CFP: Irish Studies Beyond the Text

Special Issue of Irish University Review
Guest editors: Emily Mark-FitzGerald (UCD) and Emma Radley (UCD)

Deadline for Abstract Submissions: April 12th 2024
Deadline for Essay Submissions: September 13th 2024

Over the last five years, a number of collections, special issues, handbooks, and critical companions have emerged in Irish Studies, focused (in various ways) on defining and mapping the field in the twenty-first century. Collectively they have sought to account for the state(s) of Irish Studies after the Celtic Tiger, through recession, austerity, and pandemic. These include the 2020 Jubilee issue of the Irish University Review, edited by Emilie Pine; Paige Reynolds’ The New Irish Studies, Cambridge University Press, 2021; Reimagining Irish Studies for the Twenty-First Century, edited by Eamon Maher andEugene O’Brien, published by Peter Lang in 2021; and, most comprehensively, The Routledge Handbook of Irish Studies, edited by Renée Fox, Mike Cronin and Brian Ó Conchubhair, published in 2022.

Many of these texts are underpinned by an ethos of multi- or inter-disciplinarity; and a commitment to diversifying the disciplines, methodologies, and ideologies conventionally associated with Irish Studies. This is often framed as a revitalisation or a renewal, an ‘opening up’ of the field beyond the historically dominant disciplines of literature and history, but also beyond postcolonial approaches to questions of the ‘nation’. The editors of the Routledge Handbook of Irish Studies argue that “scholars of Ireland and Irish Studies have radically revised our fields of inquiry as Ireland moved through a dozen years of economic trauma, austerity, recovery and global pandemic” (5) and that “Irish studies scholarship has reorientated itself in relation to social changes in Ireland over the last several years, embracing theoretical fields including queer studies, disability studies, critical race studies, and ecocriticism as crucial interlocutors” (5). This is vitally important work, yet nevertheless a complex and uncertain business. Emilie Pine remarks in the introduction to the IUR’s Jubilee edition (appositely titled, ‘Criticism, Openness, Diversity: Irish Studies Now’) that “Irish studies has no founding charter, no list of commandments, or global constitution” (2) – and yet, mapping a terrain inevitably involves borders, boundaries, and edges. Pine acknowledges this, noting that a volume of this kind emerges “from the interests of individuals and groups, and it will always reflect the times, in terms of what it includes, and also what it excludes” (2). Even as they work hard to unsettle the disciplinary norms of Irish Studies, many of the volumes mentioned above achieve this unevenly – in part, only tentatively challenging the continued dominance of the fields of Irish literary studies and history. Arguably one of the most ‘excluded’ interrogations within Irish Studies is the centrality of the text and the practice of textual analysis (understood in the narrower sense of analysis of the written word) as a foundational principle.

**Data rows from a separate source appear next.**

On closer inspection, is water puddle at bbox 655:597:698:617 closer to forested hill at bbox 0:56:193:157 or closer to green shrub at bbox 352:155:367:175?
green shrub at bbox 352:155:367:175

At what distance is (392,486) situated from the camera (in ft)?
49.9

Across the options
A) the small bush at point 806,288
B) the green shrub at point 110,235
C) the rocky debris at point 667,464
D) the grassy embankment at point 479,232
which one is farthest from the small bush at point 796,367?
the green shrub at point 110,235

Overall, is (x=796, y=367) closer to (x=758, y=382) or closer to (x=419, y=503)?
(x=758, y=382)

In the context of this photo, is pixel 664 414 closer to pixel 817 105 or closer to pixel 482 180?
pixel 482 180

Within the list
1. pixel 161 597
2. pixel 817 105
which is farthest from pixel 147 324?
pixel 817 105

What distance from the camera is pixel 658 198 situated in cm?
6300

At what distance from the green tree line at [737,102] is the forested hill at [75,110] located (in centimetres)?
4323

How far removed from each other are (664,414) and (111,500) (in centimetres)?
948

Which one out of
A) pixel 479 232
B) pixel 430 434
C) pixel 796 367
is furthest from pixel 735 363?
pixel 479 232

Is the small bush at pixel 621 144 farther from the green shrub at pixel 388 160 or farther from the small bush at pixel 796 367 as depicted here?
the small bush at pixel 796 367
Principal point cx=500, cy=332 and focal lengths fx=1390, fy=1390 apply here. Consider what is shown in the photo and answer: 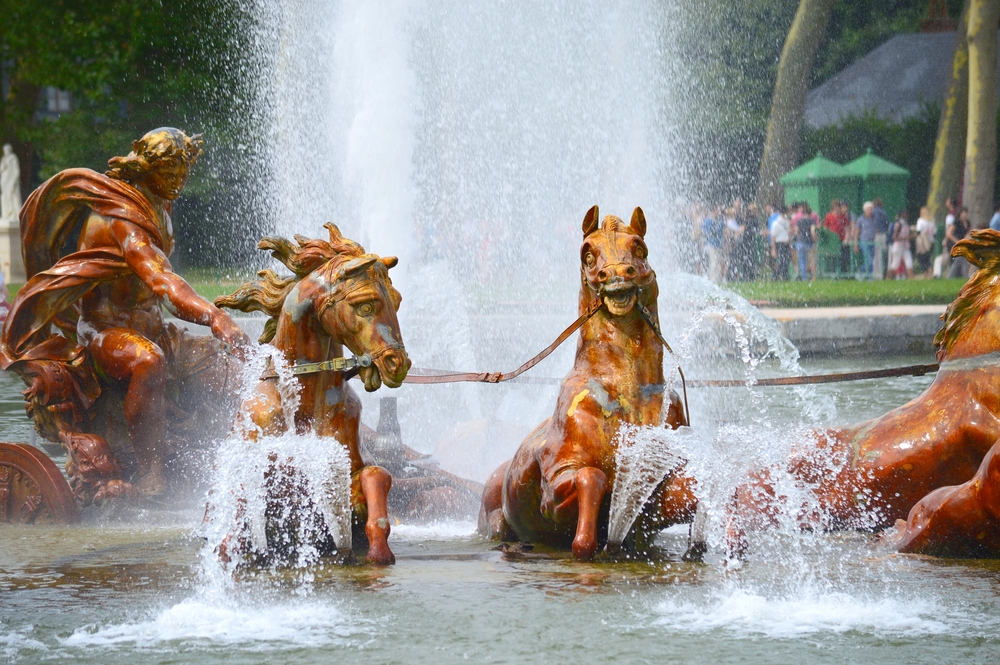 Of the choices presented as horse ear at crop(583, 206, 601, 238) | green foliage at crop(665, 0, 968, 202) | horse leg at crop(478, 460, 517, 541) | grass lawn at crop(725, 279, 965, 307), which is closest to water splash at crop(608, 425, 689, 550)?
horse leg at crop(478, 460, 517, 541)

In her recent provocation Photographs and the Practice of History, 2022, the anthropologist Elizabeth Edwards has argued for how photographs can create ‘disturbances’ or ‘think-spaces’ which confront assumptions underpinning historical practice, recalling how ‘The philosopher of history, Eelco Runia, has called this “creating a mess” in that thinking theoretically about what we are doing is not merely a body of concepts but “the process of quarrelling with the tools of the trade”.’ (3) In this special issue of the Irish University Review, we invite contributors to ‘make a mess’ of the boundaries of Irish Studies, seeking new work and perspectives that go ‘beyond the text’. In so doing, we welcome not only contributions making innovative use of non-textual sources and/or methodologies; but also research on various cultural practices (visual, material, aural, emotional/sensory, embodied, multi-medial, etc.) which themselves disrupt assumptions about the nation and epistemologies of ‘Irishness’ underpinning the field. Contributions on earlier and more contemporary time periods are equally welcome.

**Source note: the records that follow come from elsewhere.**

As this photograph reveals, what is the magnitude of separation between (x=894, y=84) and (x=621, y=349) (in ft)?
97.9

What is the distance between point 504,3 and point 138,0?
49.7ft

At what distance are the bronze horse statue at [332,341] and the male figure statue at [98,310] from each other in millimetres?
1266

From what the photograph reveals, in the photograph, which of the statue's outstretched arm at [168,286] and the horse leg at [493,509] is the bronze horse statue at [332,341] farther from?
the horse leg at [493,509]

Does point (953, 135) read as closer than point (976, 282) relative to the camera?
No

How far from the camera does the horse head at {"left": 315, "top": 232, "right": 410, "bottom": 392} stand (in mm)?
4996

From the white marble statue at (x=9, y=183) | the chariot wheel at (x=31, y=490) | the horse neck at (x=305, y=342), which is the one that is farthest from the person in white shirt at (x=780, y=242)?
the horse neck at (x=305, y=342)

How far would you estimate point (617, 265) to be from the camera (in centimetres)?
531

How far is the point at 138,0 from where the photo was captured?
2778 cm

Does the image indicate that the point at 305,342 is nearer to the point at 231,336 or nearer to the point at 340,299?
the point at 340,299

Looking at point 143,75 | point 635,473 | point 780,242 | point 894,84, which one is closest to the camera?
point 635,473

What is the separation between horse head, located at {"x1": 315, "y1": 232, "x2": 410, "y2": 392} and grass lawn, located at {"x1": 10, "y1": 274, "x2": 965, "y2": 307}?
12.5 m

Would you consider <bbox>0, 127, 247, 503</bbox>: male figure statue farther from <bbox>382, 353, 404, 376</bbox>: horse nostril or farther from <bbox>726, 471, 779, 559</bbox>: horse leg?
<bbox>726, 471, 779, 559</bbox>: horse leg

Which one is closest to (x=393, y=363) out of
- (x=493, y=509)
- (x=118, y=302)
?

Proposed contributions may include new research on:

·           Visual culture, contemporary art, art history

·           Material culture

·           Fashion

·           Performance (theatre, dance, music, art, and ‘performative’ actions)

·           Embodiment

·           Film and screen studies 

·           Music and sound

·           Media and communications (social, digital, and traditional)

·           Orality and spoken language

·           Adaptation

Abstracts of 300 words should be submitted by 12 April 2024, to irishstudiesbeyondthetext@gmail.com

Invitations to submit full-length essays will be issued in early May 2024, with full-length essays of 5000-6000 words due on 13 September 2024.